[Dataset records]

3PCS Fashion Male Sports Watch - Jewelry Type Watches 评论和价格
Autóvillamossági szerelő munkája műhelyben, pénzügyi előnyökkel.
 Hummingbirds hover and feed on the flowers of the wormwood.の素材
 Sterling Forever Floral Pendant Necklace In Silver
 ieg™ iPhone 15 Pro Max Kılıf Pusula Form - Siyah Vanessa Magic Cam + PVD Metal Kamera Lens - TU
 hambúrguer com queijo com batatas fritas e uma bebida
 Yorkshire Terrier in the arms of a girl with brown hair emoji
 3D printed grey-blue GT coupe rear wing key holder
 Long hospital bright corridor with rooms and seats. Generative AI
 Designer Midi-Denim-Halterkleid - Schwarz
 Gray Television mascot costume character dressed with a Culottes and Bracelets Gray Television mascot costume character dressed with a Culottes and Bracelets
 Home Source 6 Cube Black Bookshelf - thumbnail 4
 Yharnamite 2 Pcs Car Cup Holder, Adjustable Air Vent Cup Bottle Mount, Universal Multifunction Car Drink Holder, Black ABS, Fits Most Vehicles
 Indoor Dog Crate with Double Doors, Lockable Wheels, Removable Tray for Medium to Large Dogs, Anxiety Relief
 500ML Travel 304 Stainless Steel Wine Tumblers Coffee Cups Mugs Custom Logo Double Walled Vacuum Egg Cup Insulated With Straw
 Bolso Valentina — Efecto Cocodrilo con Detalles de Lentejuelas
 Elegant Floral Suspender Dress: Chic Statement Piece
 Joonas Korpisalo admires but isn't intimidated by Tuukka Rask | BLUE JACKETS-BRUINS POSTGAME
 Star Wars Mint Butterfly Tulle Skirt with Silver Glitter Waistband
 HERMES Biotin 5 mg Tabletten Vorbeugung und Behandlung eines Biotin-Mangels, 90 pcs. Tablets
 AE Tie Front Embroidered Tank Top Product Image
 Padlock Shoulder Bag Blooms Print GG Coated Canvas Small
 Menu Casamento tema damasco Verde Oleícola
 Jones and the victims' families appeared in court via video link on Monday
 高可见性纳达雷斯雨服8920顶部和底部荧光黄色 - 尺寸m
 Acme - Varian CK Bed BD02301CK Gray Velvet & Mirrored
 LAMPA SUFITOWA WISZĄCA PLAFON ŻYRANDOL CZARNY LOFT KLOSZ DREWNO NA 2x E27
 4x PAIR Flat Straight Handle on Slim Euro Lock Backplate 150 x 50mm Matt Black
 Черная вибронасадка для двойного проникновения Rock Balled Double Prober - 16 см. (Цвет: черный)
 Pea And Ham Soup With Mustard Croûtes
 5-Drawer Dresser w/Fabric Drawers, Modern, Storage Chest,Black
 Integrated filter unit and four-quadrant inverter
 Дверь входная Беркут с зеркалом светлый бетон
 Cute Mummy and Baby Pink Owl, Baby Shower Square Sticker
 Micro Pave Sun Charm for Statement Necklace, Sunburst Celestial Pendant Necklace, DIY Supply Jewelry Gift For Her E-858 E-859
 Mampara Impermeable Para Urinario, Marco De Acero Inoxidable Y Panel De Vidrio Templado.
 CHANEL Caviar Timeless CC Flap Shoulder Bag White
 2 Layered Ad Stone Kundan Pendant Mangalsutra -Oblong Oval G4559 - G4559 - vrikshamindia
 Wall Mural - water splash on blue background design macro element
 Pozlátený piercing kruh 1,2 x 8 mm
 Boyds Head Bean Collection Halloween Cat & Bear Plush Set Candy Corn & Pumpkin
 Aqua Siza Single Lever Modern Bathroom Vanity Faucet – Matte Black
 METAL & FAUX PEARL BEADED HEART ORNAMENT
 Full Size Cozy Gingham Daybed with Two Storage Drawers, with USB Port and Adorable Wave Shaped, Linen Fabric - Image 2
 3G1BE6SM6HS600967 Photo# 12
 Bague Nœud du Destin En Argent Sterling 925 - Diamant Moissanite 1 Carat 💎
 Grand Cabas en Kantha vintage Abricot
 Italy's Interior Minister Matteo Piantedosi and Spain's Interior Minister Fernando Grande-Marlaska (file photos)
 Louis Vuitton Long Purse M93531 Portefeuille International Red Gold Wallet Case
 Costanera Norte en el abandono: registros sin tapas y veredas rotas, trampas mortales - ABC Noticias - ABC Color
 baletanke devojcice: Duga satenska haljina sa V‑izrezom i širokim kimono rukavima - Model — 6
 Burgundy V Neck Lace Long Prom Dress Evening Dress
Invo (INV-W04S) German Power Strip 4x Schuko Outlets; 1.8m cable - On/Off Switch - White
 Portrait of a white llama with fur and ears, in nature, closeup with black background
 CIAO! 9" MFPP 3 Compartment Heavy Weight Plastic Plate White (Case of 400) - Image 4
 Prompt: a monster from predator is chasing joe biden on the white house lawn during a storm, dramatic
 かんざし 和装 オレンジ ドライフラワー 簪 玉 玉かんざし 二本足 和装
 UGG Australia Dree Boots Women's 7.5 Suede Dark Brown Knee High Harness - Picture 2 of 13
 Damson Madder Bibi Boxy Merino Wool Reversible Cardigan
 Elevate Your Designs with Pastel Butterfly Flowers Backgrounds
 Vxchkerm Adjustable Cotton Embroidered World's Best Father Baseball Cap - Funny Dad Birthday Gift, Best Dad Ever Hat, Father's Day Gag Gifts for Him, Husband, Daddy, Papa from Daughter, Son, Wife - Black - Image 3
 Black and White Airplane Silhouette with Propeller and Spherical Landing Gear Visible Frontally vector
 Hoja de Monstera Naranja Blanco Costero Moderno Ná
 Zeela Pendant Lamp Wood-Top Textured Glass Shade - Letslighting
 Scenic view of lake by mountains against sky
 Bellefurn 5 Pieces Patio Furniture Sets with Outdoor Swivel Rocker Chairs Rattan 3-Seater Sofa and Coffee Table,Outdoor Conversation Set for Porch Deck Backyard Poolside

Your assignment: Your answer must be the lines above from the one containing "Pea And Ham Soup With Mustard Croûtes" to the one containing "METAL & FAUX PEARL BEADED HEART ORNAMENT", both included, restated word for word.

Result below:
 Pea And Ham Soup With Mustard Croûtes
 5-Drawer Dresser w/Fabric Drawers, Modern, Storage Chest,Black
 Integrated filter unit and four-quadrant inverter
 Дверь входная Беркут с зеркалом светлый бетон
 Cute Mummy and Baby Pink Owl, Baby Shower Square Sticker
 Micro Pave Sun Charm for Statement Necklace, Sunburst Celestial Pendant Necklace, DIY Supply Jewelry Gift For Her E-858 E-859
 Mampara Impermeable Para Urinario, Marco De Acero Inoxidable Y Panel De Vidrio Templado.
 CHANEL Caviar Timeless CC Flap Shoulder Bag White
 2 Layered Ad Stone Kundan Pendant Mangalsutra -Oblong Oval G4559 - G4559 - vrikshamindia
 Wall Mural - water splash on blue background design macro element
 Pozlátený piercing kruh 1,2 x 8 mm
 Boyds Head Bean Collection Halloween Cat & Bear Plush Set Candy Corn & Pumpkin
 Aqua Siza Single Lever Modern Bathroom Vanity Faucet – Matte Black
 METAL & FAUX PEARL BEADED HEART ORNAMENT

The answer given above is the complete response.